Instructions for the task. Could you print exactly the lines of the listing below, starting at the line that has "A777 Game Deluxe Pro vv5.3.9 - 2" and ending at the line that has "Page #186 background image", and only those lines?

Records supplied.
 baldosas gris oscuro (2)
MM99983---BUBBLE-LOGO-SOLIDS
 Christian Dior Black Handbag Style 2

==

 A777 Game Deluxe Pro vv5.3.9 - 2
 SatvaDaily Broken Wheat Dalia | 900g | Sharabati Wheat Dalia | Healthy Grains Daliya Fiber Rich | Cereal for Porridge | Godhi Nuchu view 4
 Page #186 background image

Answer space.
 A777 Game Deluxe Pro vv5.3.9 - 2
 SatvaDaily Broken Wheat Dalia | 900g | Sharabati Wheat Dalia | Healthy Grains Daliya Fiber Rich | Cereal for Porridge | Godhi Nuchu view 4
 Page #186 background image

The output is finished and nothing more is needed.